Maintenant petit crochet pour les lecteurs de "Raisons et sentiments", le prochain chapitre est en cours d'écriture et devrait être publié. Je profite de cette autre publication pour vous remercier pour vos messages de reviews et de soutiens (quelque soit la situation) toujours aussi touchants.
Doing the wrong thing
Janvier 2008
Ce soir une nouvelle enquête avait été close et c'est avec un soulagement bien supérieur à celui que je ressentais habituellement que j'avais aidé à préparer les pièces pour le procureur, permettant l'inculpation de notre suspect. C'était bien évidemment toujours un moment important, mais vu l'enquête je m'étais senti particulièrement affecté. L'affaire que nous avions close quelques heures auparavant, m'avait fait replonger dans mes souvenirs lorsque j'étais dans les forces spéciales. Certes, j'en étais sorti indemne mais j'y avais laissé quelques parties de moi. J'avais perdu des compagnons, j'avais entrevu des horreurs, avais été touché aussi bien mentalement que physiquement.
Et alors que je pensais ces évènements bien derrière moi, cette affaire les avait fait ressurgir de pleine force et j'avais enchaîné les cauchemars pendant toute la durée du cas. Etant plutôt pudique lorsque cela concernait mes affects, je n'avais que très peu communiqué avec les autres membres de mon équipe sur mon état de trouble ; mais je me doutais bien qu'ils n'avaient pas été sans remarquer mes comportements. Après tout, ils étaient eux-mêmes des détectives et n'était-ce pas notre job d'avoir des intuitions sur les comportements humains?
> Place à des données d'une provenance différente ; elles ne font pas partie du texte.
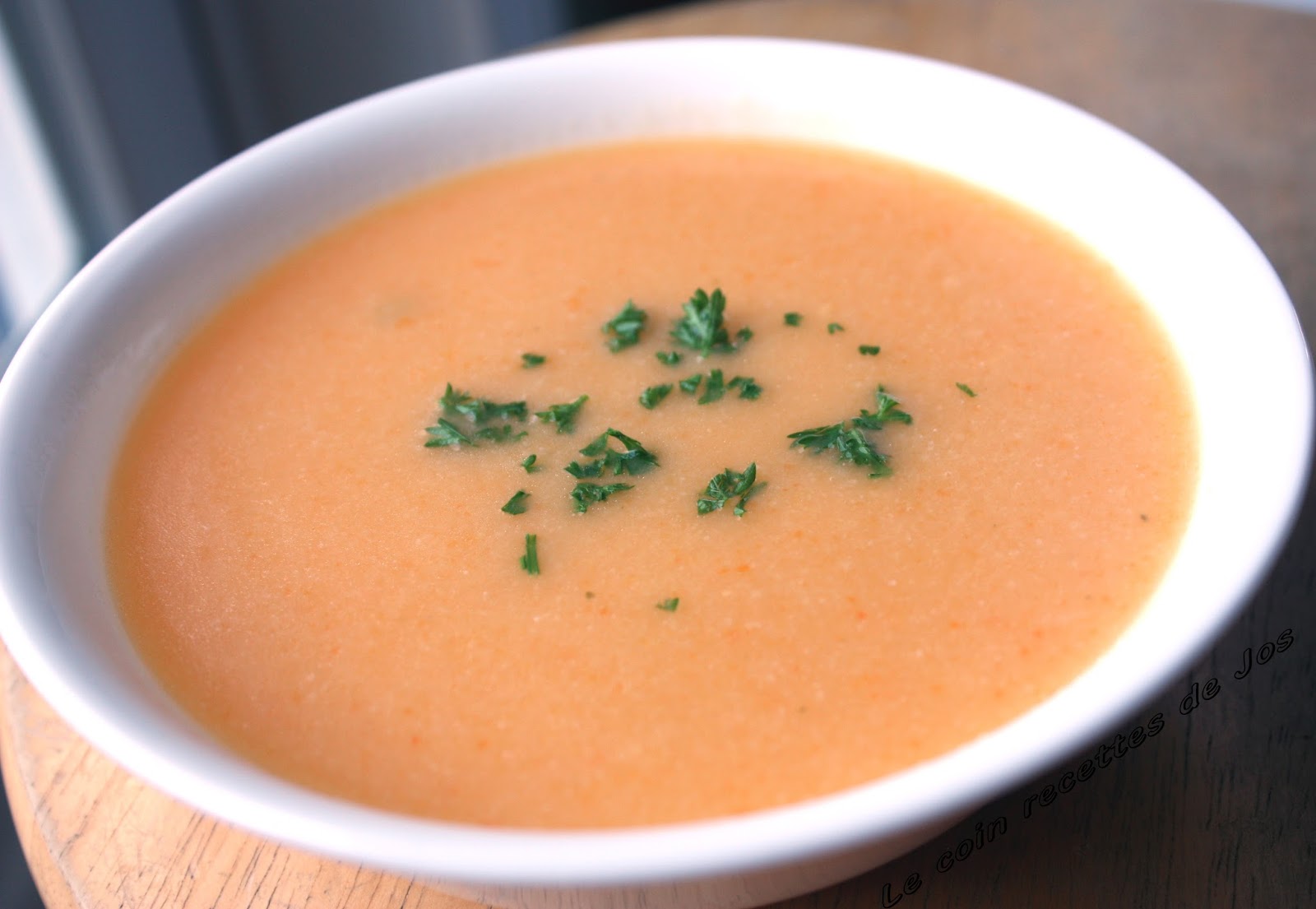 Le coin recettes de Jos POTAGE AU CHOUFLEUR, CAROTTES ET CHEDDAR FORT Le coin recettes de Jos POTAGE AU CHOUFLEUR, CAROTTES ET CHEDDAR FORT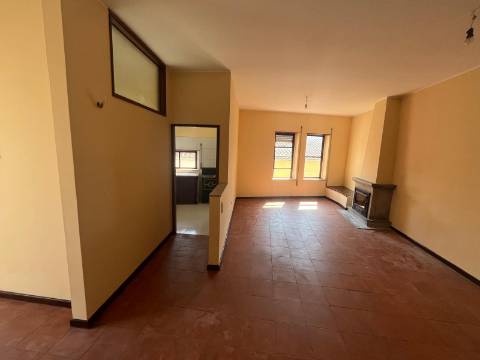 Moradia no centro da Meruge mais 1000m2 de mata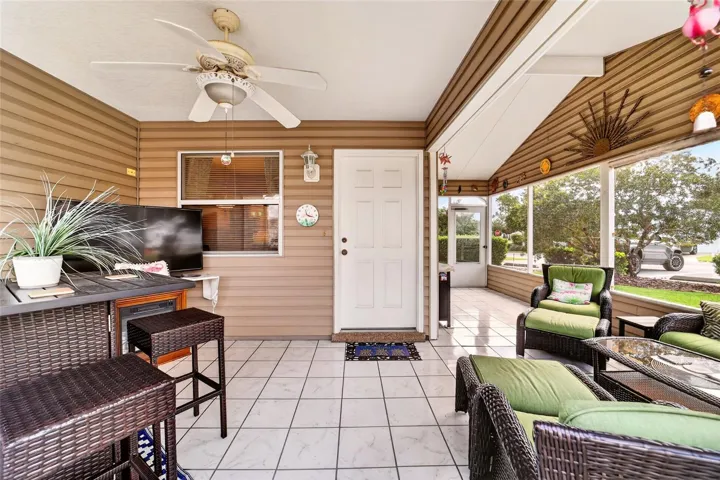 Front entrance with large  lanai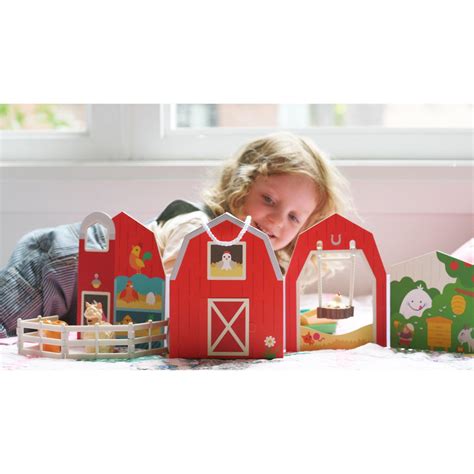 Sago Mini Portable Playset: Robin's Farm | Playscapes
Une fois le carton contenant les dossiers à destination du procureur fermé, je saluais mes coéquipiers et prenais la direction de mon domicile. Arrivé à mon appartement je fonçais dans la salle de bains, souhaitant que cette me douche me lave autant l'âme que le corps. La cascade d'eau brûlante avait au moins pour effet de me détendre musculairement mais au sortir de la salle de bains je me rendais bien compte qu'il fallait que je me change les idées. Habillé d'une serviette qui cerclait ma taille j'ouvrais le réfrigérateur et y découvrais une bouteille de bière orpheline. Je n'allais probablement pouvoir me contenter d'une seule bière ce soir et j'avais envie de sortir. Ainsi dans mon placard je prenais un jean, un t-shirt propre et un sweat à capuche et cinq minutes après j'arpentais les rues de New-York.
Je me rendais dans un bar où j'avais mes habitudes, ce n'était pas spécialement ce qu'on appelait un bar à flics mais la présence d'un billard faisait qu'il n'était pas rare que je croise certains de mes collègues. Une fois dans le bar je me dirigeais tout de suite vers le comptoir pour commander une pinte de bière. Pendant que le barman s'occupait de ma commande je balayais des yeux le lieu et fus surpris de voir à l'autre bout du comptoir ma patronne Kate Beckett, assise devant un verre de whisky. Elle semblait totalement dans son univers, ne se souciant apparemment que très peu de l'environnement qui l'entourait.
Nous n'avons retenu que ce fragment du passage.